About this exercise: Could you give the records below again exactly, without the pictures?

Material for this exercise:
Content starts
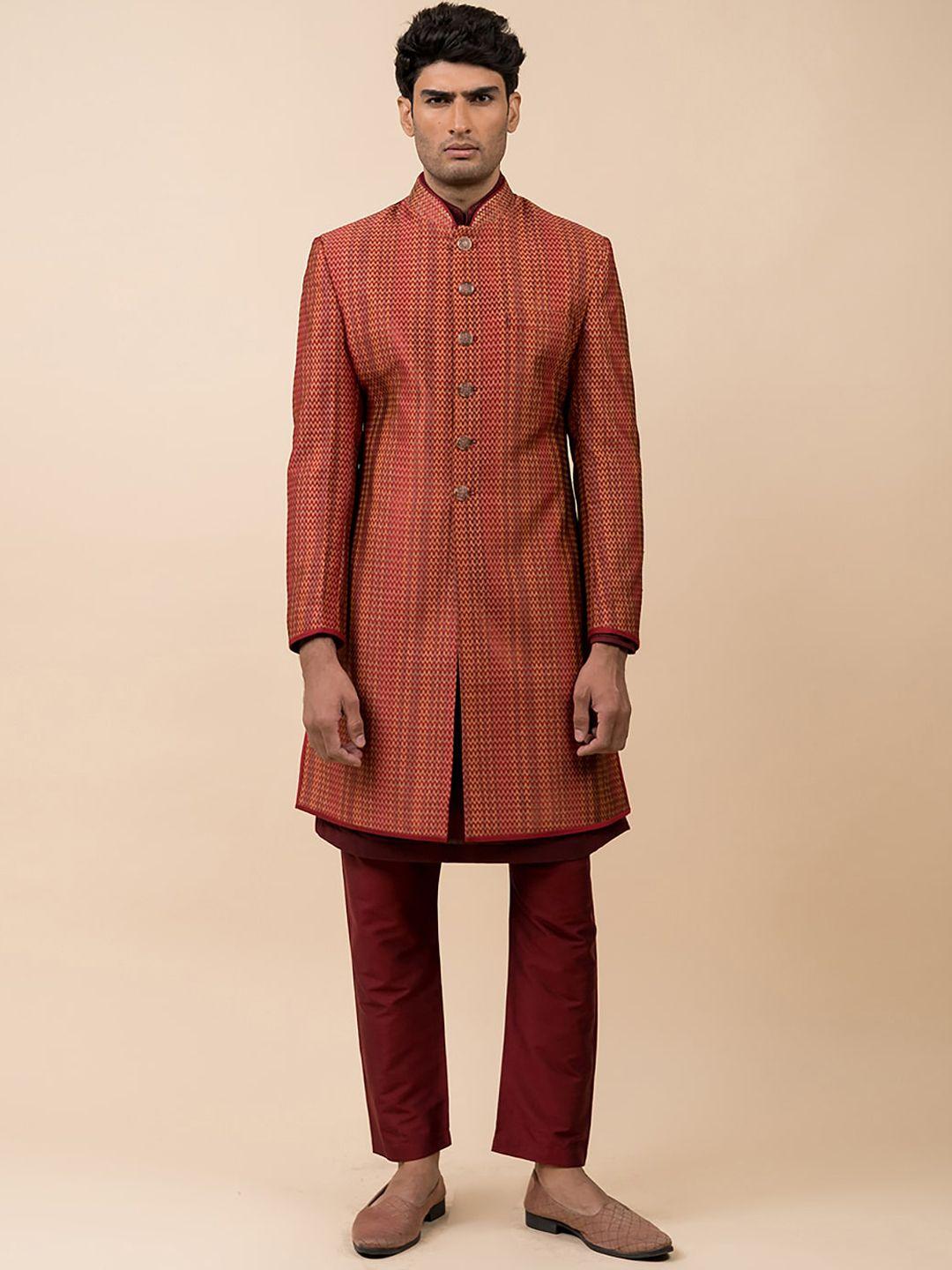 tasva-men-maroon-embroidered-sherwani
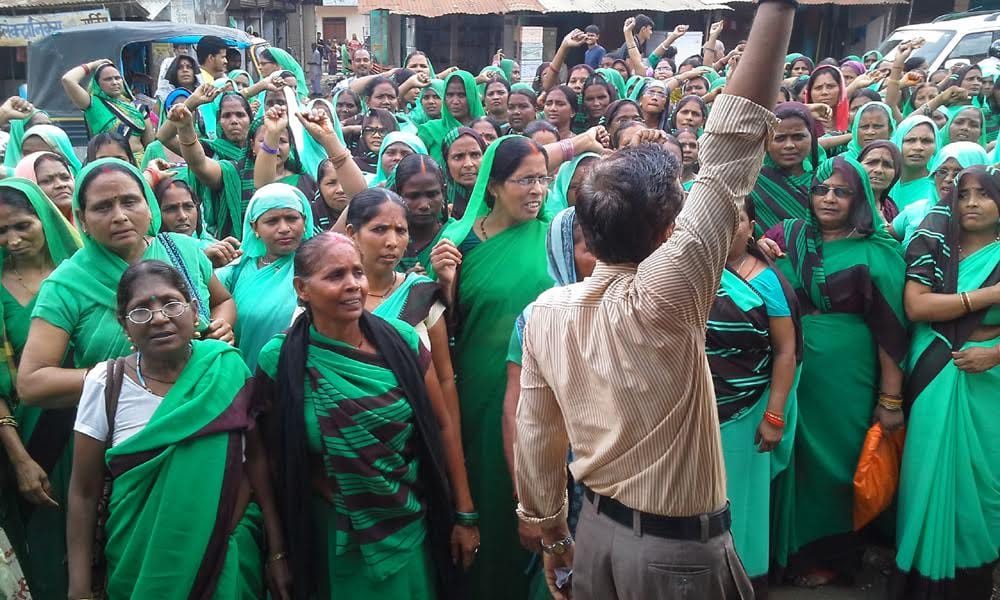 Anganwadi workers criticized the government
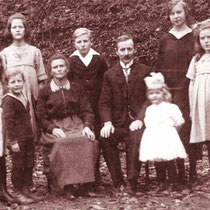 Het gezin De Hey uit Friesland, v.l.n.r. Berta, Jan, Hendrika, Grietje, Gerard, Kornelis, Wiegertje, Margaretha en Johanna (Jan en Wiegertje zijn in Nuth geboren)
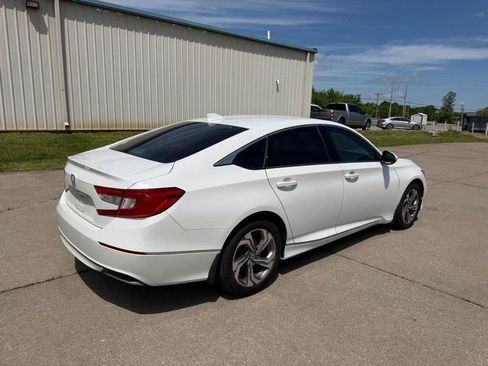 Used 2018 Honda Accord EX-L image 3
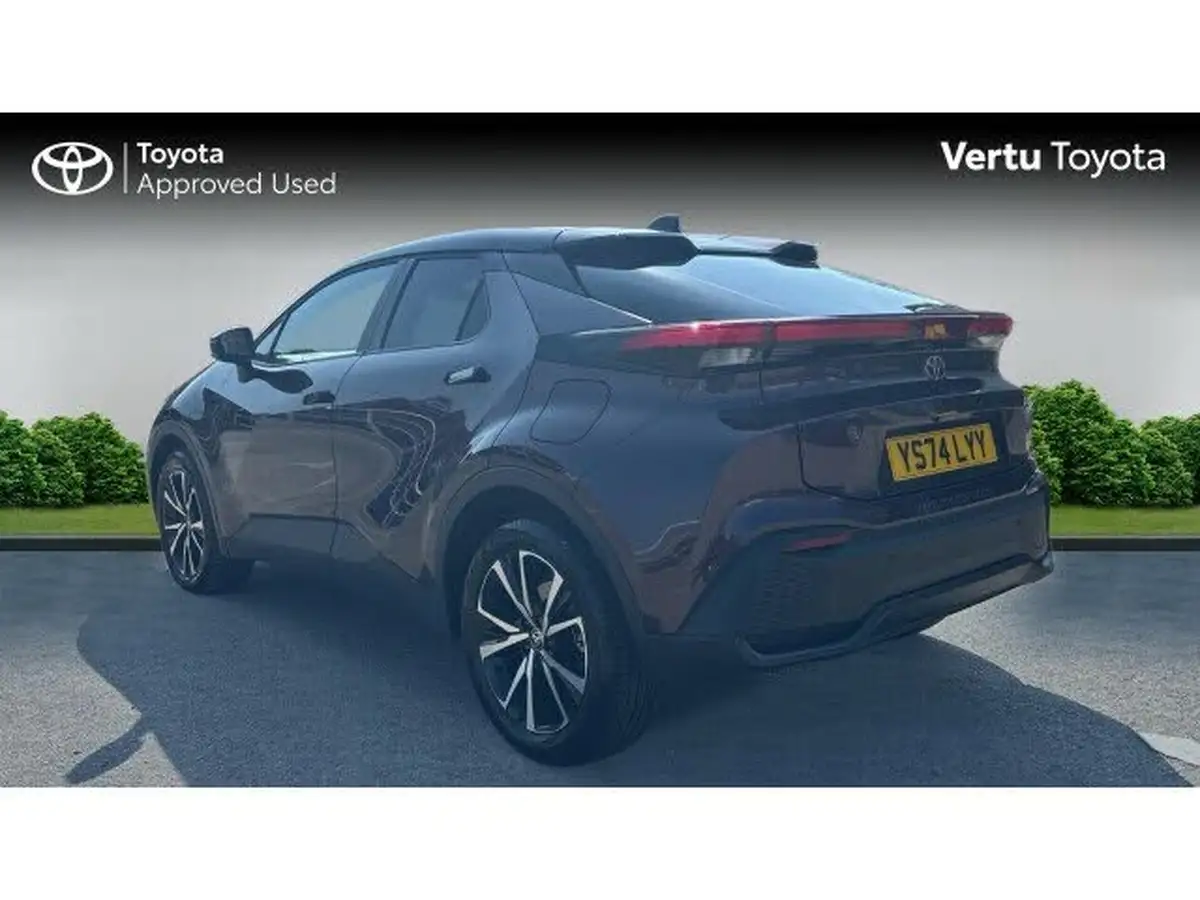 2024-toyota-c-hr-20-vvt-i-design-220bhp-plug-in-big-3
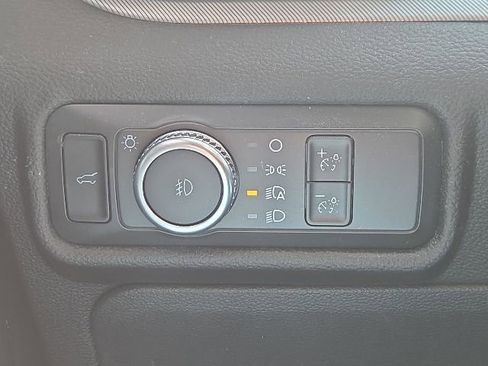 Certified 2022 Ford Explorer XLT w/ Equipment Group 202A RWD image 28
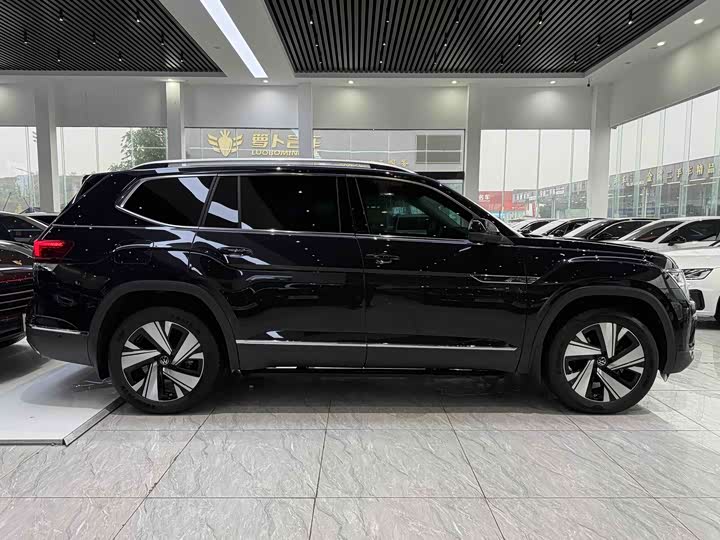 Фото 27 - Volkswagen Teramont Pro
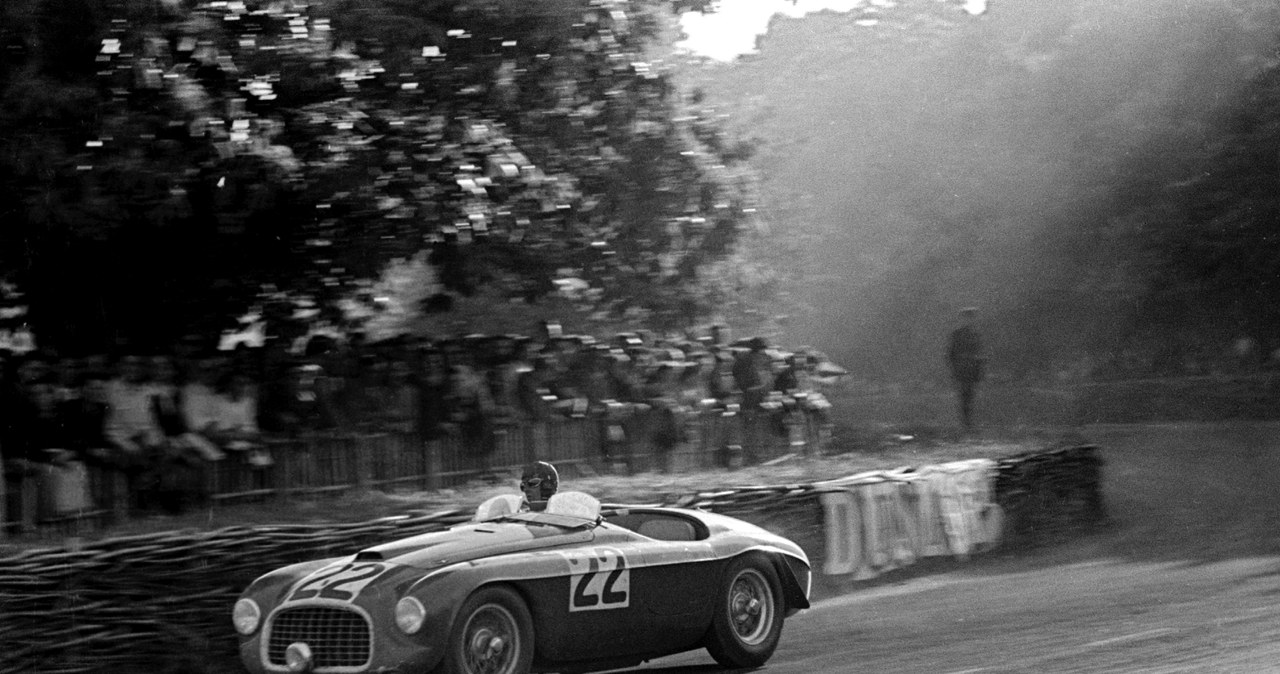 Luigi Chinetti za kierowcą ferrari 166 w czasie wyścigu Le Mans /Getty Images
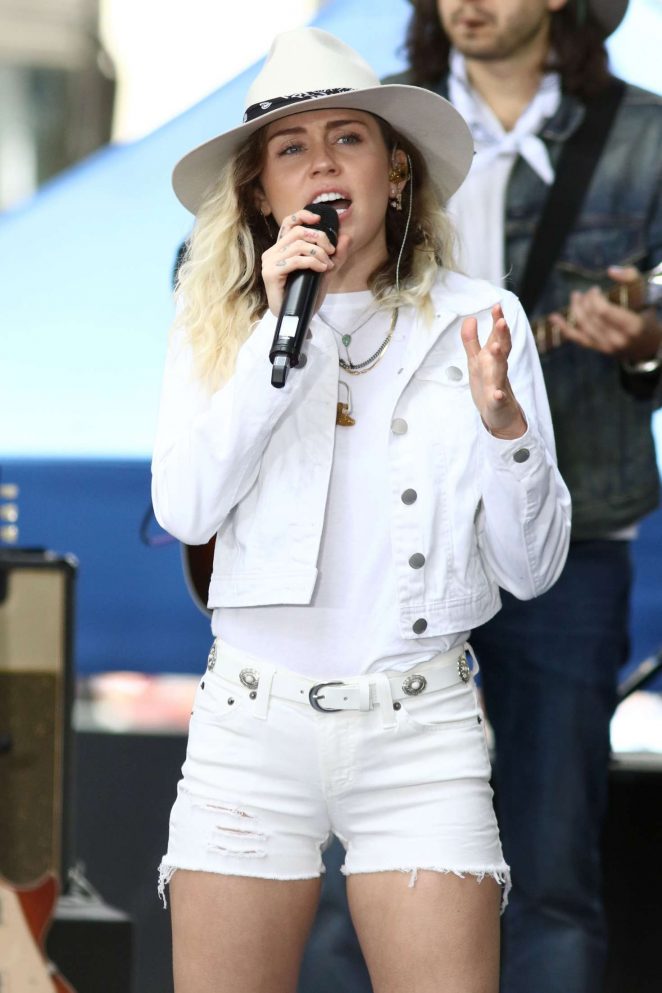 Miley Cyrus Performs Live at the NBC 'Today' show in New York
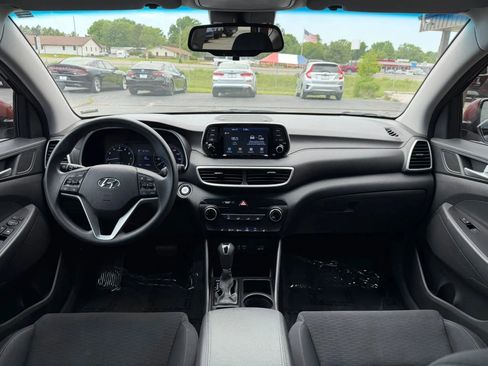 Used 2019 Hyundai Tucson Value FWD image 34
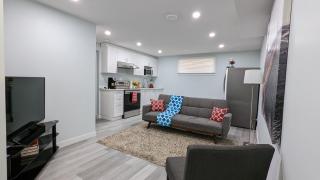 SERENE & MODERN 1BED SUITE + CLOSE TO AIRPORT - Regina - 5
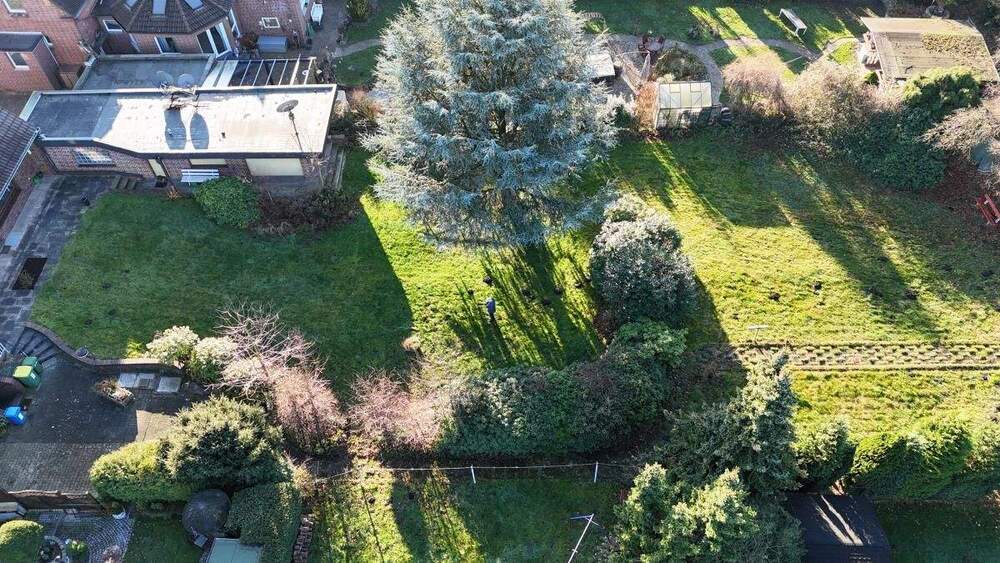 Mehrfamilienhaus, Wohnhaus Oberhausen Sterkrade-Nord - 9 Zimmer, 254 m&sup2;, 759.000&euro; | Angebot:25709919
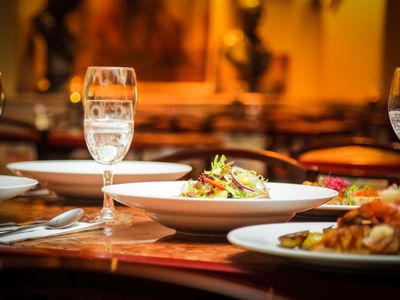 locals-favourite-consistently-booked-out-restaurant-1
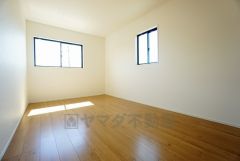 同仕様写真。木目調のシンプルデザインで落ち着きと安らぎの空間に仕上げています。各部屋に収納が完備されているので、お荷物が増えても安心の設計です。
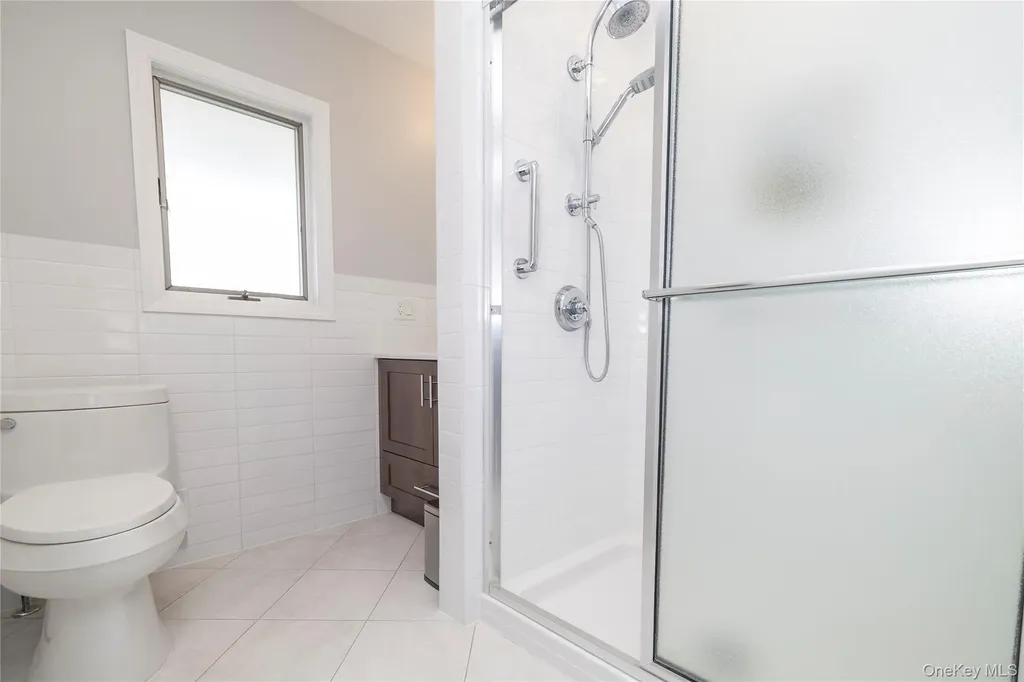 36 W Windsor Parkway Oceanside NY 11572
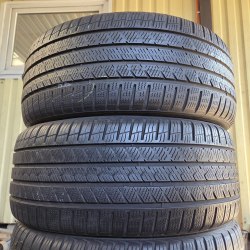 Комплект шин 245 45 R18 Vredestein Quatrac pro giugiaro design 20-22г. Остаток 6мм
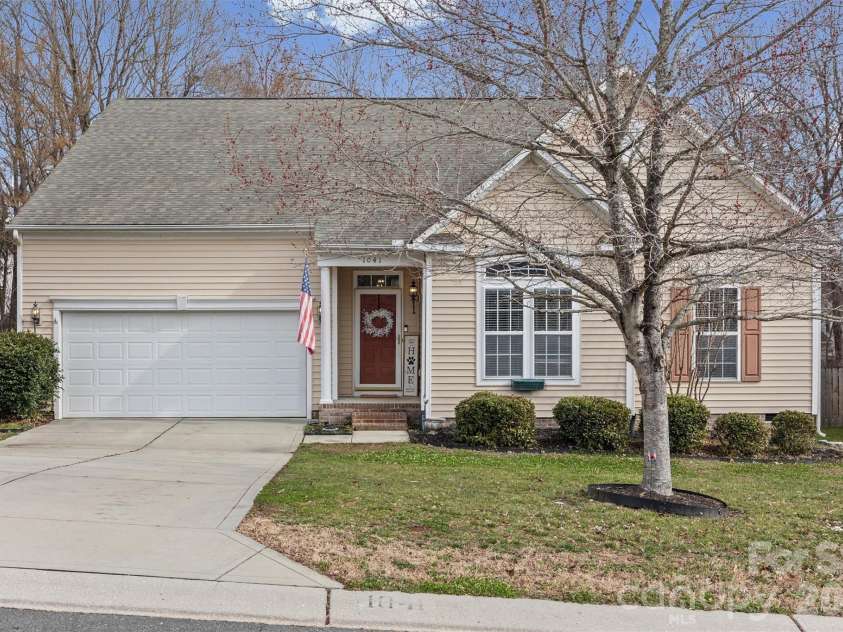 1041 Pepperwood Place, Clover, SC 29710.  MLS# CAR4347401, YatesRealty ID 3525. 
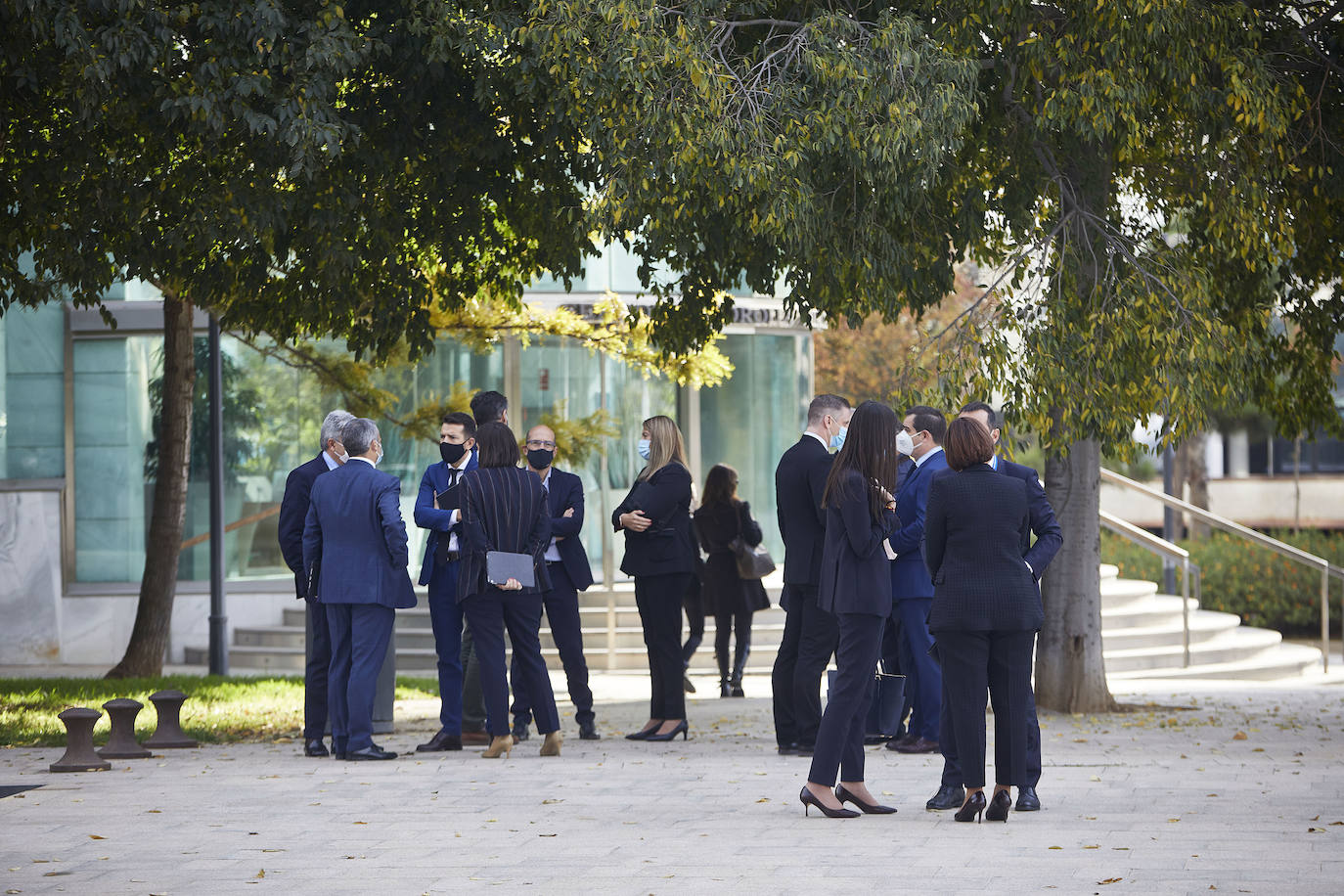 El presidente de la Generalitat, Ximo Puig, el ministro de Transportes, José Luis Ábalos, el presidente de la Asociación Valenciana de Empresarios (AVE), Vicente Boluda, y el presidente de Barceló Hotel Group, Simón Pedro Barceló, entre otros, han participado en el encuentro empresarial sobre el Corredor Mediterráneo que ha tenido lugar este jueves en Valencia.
Content ends
Task solution:
 tasva-men-maroon-embroidered-sherwani
 Anganwadi workers criticized the government
 Het gezin De Hey uit Friesland, v.l.n.r. Berta, Jan, Hendrika, Grietje, Gerard, Kornelis, Wiegertje, Margaretha en Johanna (Jan en Wiegertje zijn in Nuth geboren)
 Used 2018 Honda Accord EX-L image 3
 2024-toyota-c-hr-20-vvt-i-design-220bhp-plug-in-big-3
 Certified 2022 Ford Explorer XLT w/ Equipment Group 202A RWD image 28
 Фото 27 - Volkswagen Teramont Pro
 Luigi Chinetti za kierowcą ferrari 166 w czasie wyścigu Le Mans /Getty Images
 Miley Cyrus Performs Live at the NBC 'Today' show in New York
 Used 2019 Hyundai Tucson Value FWD image 34
 SERENE & MODERN 1BED SUITE + CLOSE TO AIRPORT - Regina - 5
 Mehrfamilienhaus, Wohnhaus Oberhausen Sterkrade-Nord - 9 Zimmer, 254 m&sup2;, 759.000&euro; | Angebot:25709919
 locals-favourite-consistently-booked-out-restaurant-1
 同仕様写真。木目調のシンプルデザインで落ち着きと安らぎの空間に仕上げています。各部屋に収納が完備されているので、お荷物が増えても安心の設計です。
 36 W Windsor Parkway Oceanside NY 11572
 Комплект шин 245 45 R18 Vredestein Quatrac pro giugiaro design 20-22г. Остаток 6мм
 1041 Pepperwood Place, Clover, SC 29710.  MLS# CAR4347401, YatesRealty ID 3525. 
 El presidente de la Generalitat, Ximo Puig, el ministro de Transportes, José Luis Ábalos, el presidente de la Asociación Valenciana de Empresarios (AVE), Vicente Boluda, y el presidente de Barceló Hotel Group, Simón Pedro Barceló, entre otros, han participado en el encuentro empresarial sobre el Corredor Mediterráneo que ha tenido lugar este jueves en Valencia.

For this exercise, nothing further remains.